I've also noticed the expansions of these late years Goldsmith scores getting 'above and beyond' praise. I think it does have a lot to do with the state of current scores, causing a re-evaluation of these Goldsmith scores that were, at the time, considered dull and repetitive by many fans, in comparison to his stellar work of the 60's, 70's and early/mid 80's.
I've almost fallen into the trap of thinking 'wow, sounds amazing, must get it', but having been unable to sit through the expanded Nemesis and seeing the comment above about this score reminding a listener of U.S Marshals in a good way (!!), I will remember which era Goldsmith I enjoy and act accordingly.

 
 Posted:   Mar 22, 2014 - 6:42 AM   
 By:   Shaun Rutherford   (Member)

I've also noticed the expansions of these late years Goldsmith scores getting 'above and beyond' praise. I think it does have a lot to do with the state of current scores, causing a re-evaluation of these Goldsmith scores that were, at the time, considered dull and repetitive by many fans, in comparison to his stellar work of the 60's, 70's and early/mid 80's.
I've almost fallen into the trap of thinking 'wow, sounds amazing, must get it', but having been unable to sit through the expanded Nemesis and seeing the comment above about this score reminding a listener of U.S Marshals in a good way (!!), I will remember which era Goldsmith I enjoy and act accordingly.

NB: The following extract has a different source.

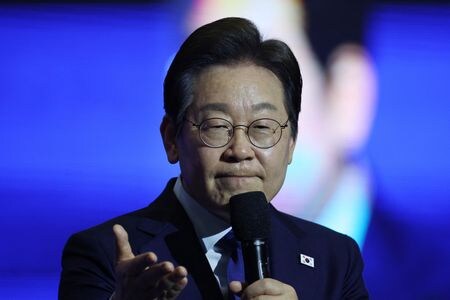 　韓国の最高裁判所は２９日、最大野党「共に民主党」の大統領選候補、李在明氏の公職選挙法違反事件の上告審判決を５月１日に言い渡すと発表した。高陽市で２７日撮影（２０２５年　ロイター／Kim Hong-Ji）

Agree! Just like how the movie The Sum Of All Fears plays way better than it did a decade ago, the score sounds better because of how poor Hollywood has gotten in most every capacity.

Affleck's Jack Ryan was all right until he started running. I could actually see him making a much better Jack Ryan NOW, oddly enough.

 
 
 Posted:   Mar 26, 2014 - 10:06 AM   
 By:   Willgoldnewtonbarrygrusin   (Member)

I've also noticed the expansions of these late years Goldsmith scores getting 'above and beyond' praise. I think it does have a lot to do with the state of current scores, causing a re-evaluation of these Goldsmith scores that were, at the time, considered dull and repetitive by many fans, in comparison to his stellar work of the 60's, 70's and early/mid 80's.
I've almost fallen into the trap of thinking 'wow, sounds amazing, must get it', but having been unable to sit through the expanded Nemesis and seeing the comment above about this score reminding a listener of U.S Marshals in a good way (!!), I will remember which era Goldsmith I enjoy and act accordingly.


I disagree. I believe the reception of a lot of late Goldsmith suffered from a) overexposure of his sound and b) bad representation on the released albums. People were either fed up with his sound or could not see the big picture.

The expanded versions prove that Goldsmith was still at the top of his game when a director appreciated him. I was not a particular fan of his score to "The Sum of All Fears" before - but now I love it because the new CD offers a much better understanding of the score´s ideas.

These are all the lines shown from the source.